● **What needs to be done**: When writing out the entries below, keep only the lines from the line with "Divided by the" to the line with "The coordinate system", both included, exactly as they are, and leave the pictures aside.

● **Data to process**:
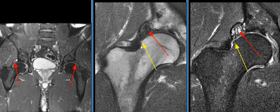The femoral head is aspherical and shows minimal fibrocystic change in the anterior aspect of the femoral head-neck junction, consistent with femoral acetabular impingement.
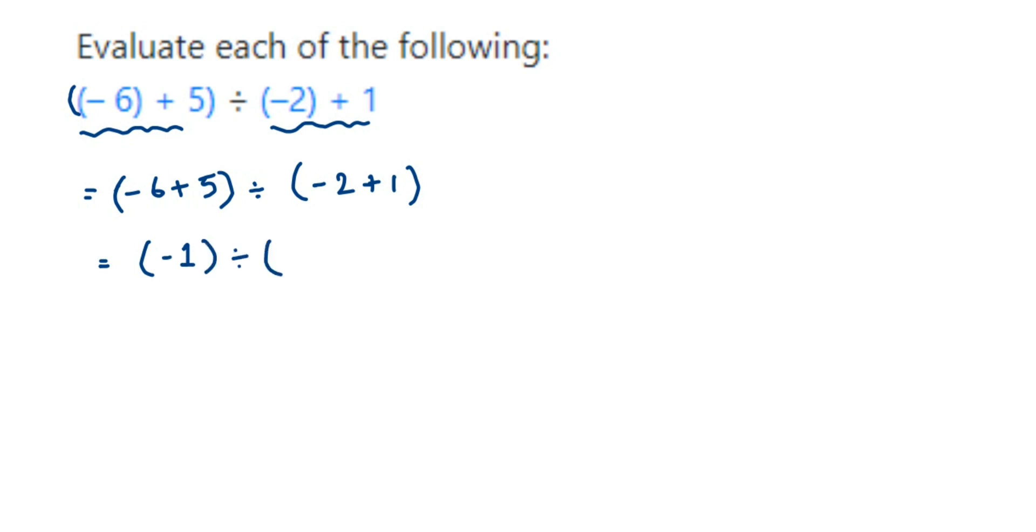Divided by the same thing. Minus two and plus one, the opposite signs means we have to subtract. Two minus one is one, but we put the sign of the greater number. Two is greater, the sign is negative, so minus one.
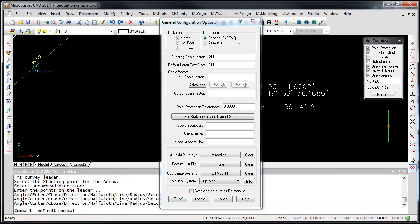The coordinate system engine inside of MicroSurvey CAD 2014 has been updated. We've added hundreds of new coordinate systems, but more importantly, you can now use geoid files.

---

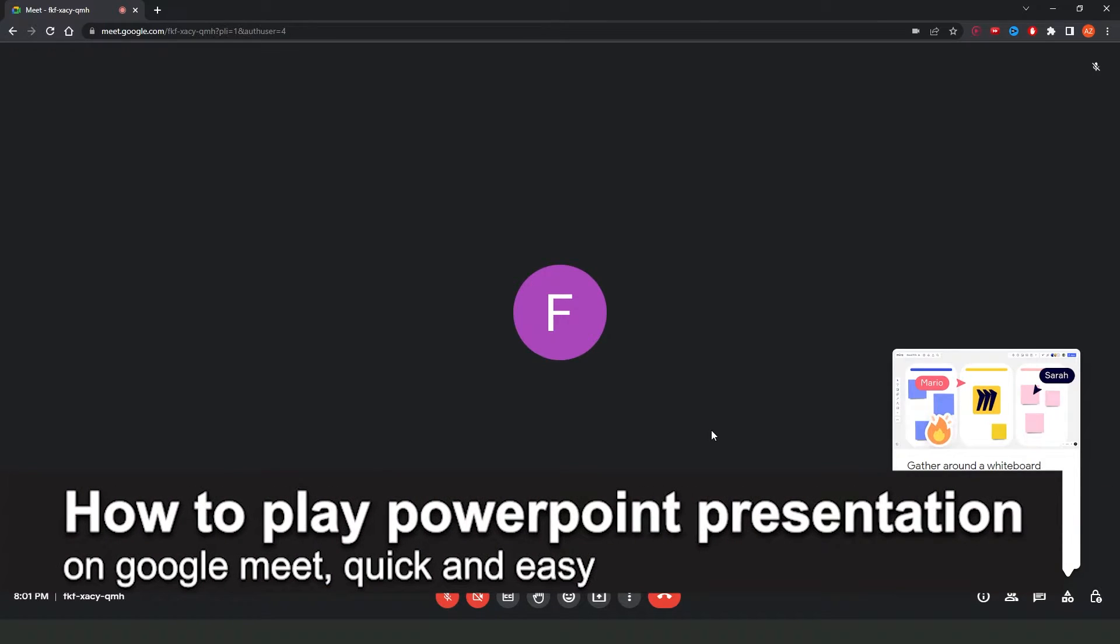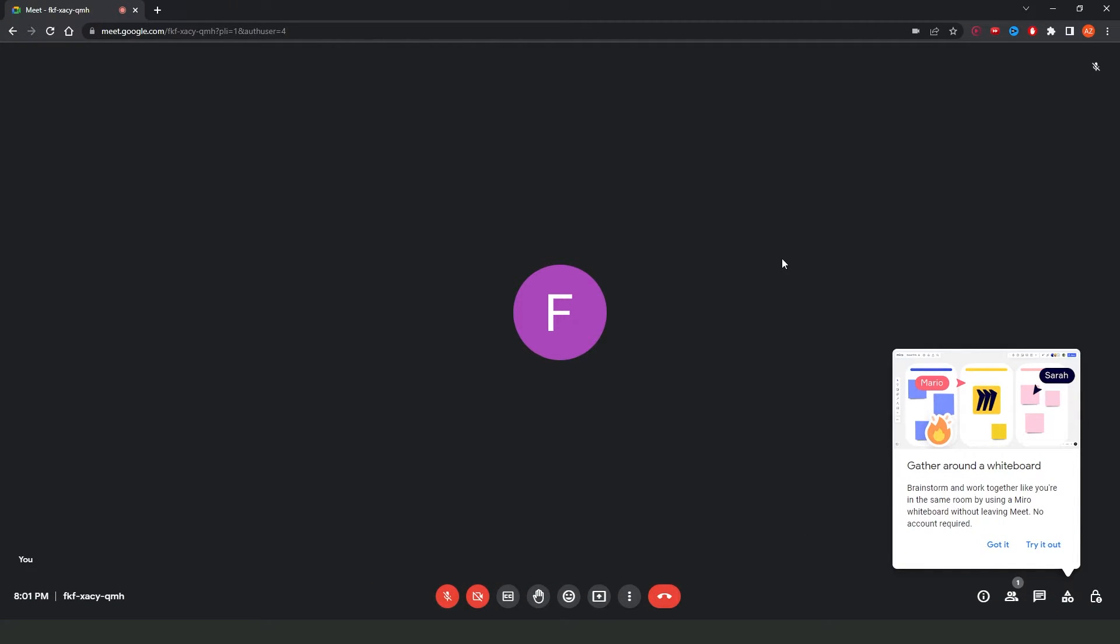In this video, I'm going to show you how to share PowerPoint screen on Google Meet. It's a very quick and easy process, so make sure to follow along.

● **Answer to this exercise**:
Divided by the same thing. Minus two and plus one, the opposite signs means we have to subtract. Two minus one is one, but we put the sign of the greater number. Two is greater, the sign is negative, so minus one.
The coordinate system engine inside of MicroSurvey CAD 2014 has been updated. We've added hundreds of new coordinate systems, but more importantly, you can now use geoid files.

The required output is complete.